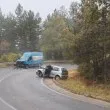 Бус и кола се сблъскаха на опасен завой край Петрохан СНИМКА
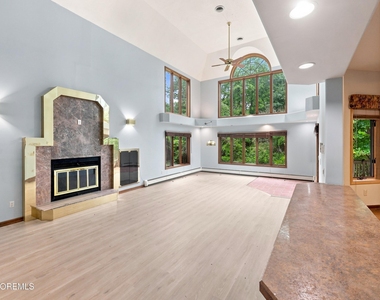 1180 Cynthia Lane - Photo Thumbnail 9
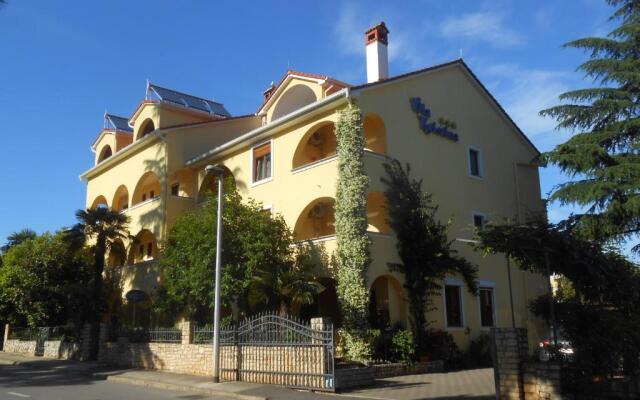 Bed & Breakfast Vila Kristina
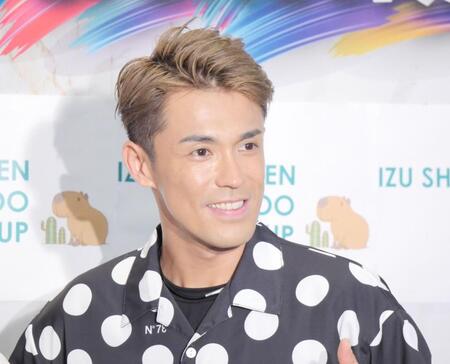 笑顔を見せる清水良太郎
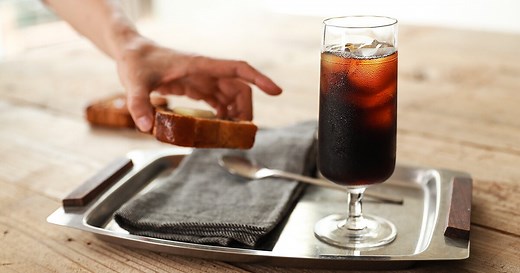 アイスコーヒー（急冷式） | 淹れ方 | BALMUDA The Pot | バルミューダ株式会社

_TO DO:_ Your output should consist solely of the lines from the line containing "笑顔を見せる清水良太郎" through the end of the data above, copied exactly, with images removed.

_EXPECTED ANSWER:_
 笑顔を見せる清水良太郎
 アイスコーヒー（急冷式） | 淹れ方 | BALMUDA The Pot | バルミューダ株式会社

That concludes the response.